_Data excerpts:_
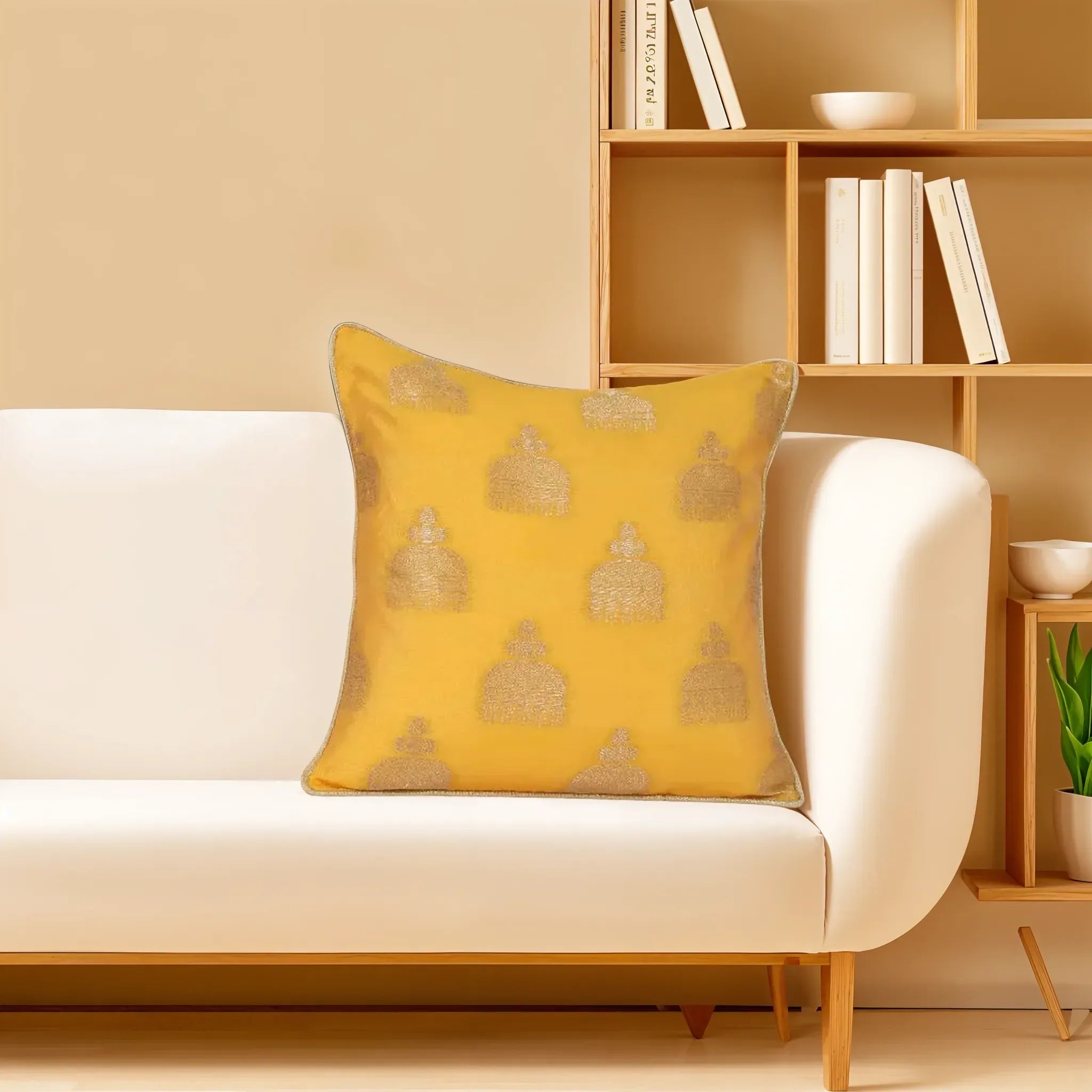 Festive Jhumka Jacquard Cushion Cover Yellow, 40X40cm By LIVING ESSENCE - HomeTown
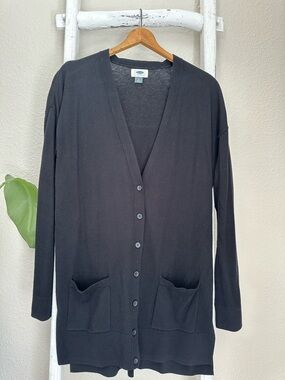 Old Navy - Black Button-Front Long Boyfriend Cardigan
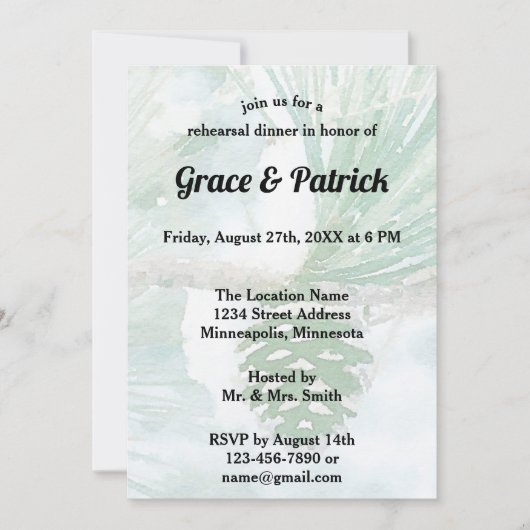 緑の淡い色の冬の松コーンリハーサルディナー 招待状 (正面)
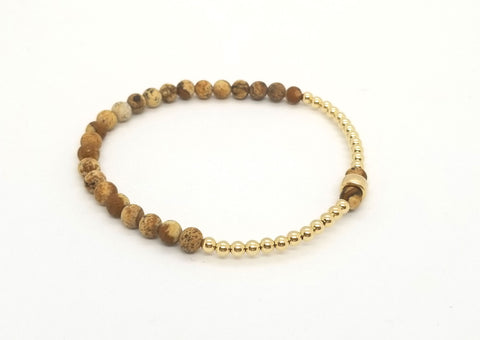 Jasper Half and Half Gold Bracelet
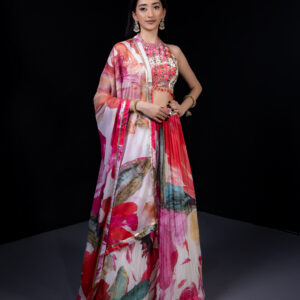Lehenga: White with Abstract Multicolour Floral Motifs with Embellished Blouse & Dupatta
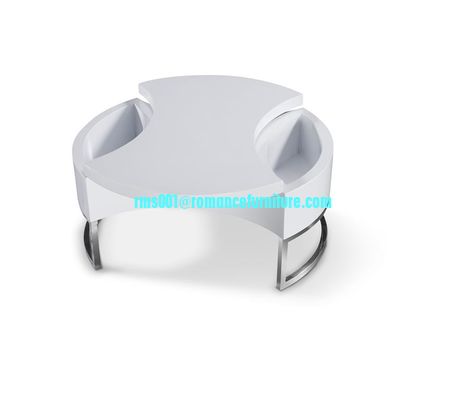 hot sale MDF high gloss, chrome leg coffee table A027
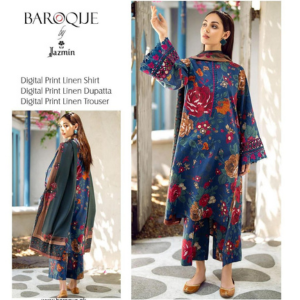 3 PCS WOMENS UNSTITCHED PRINTED SUIT .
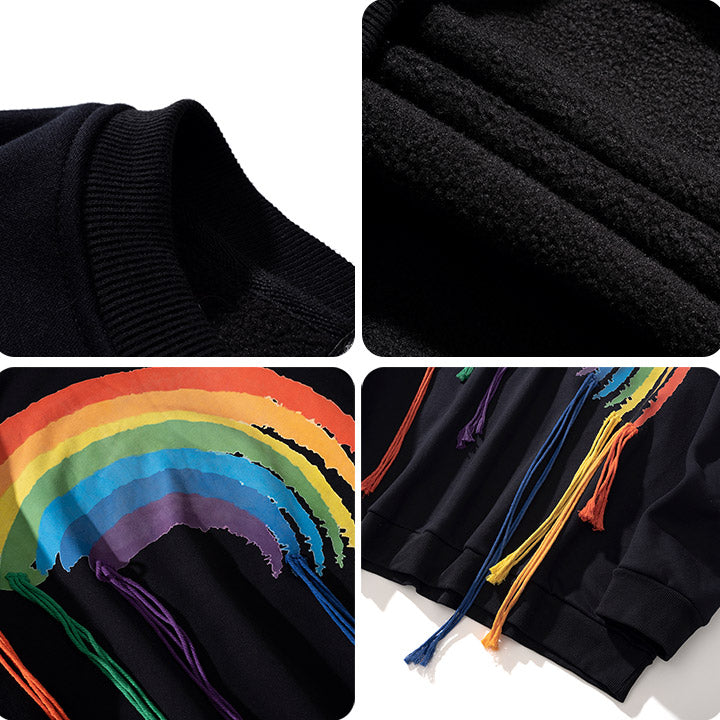 rainbow tassel black sweatshirt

_How to complete this task:_ Type out the entries again without a single change, and leave the pictures out.

_Your response:_
 Festive Jhumka Jacquard Cushion Cover Yellow, 40X40cm By LIVING ESSENCE - HomeTown
 Old Navy - Black Button-Front Long Boyfriend Cardigan
 緑の淡い色の冬の松コーンリハーサルディナー 招待状 (正面)
 Jasper Half and Half Gold Bracelet
Lehenga: White with Abstract Multicolour Floral Motifs with Embellished Blouse & Dupatta
 hot sale MDF high gloss, chrome leg coffee table A027
 3 PCS WOMENS UNSTITCHED PRINTED SUIT .
 rainbow tassel black sweatshirt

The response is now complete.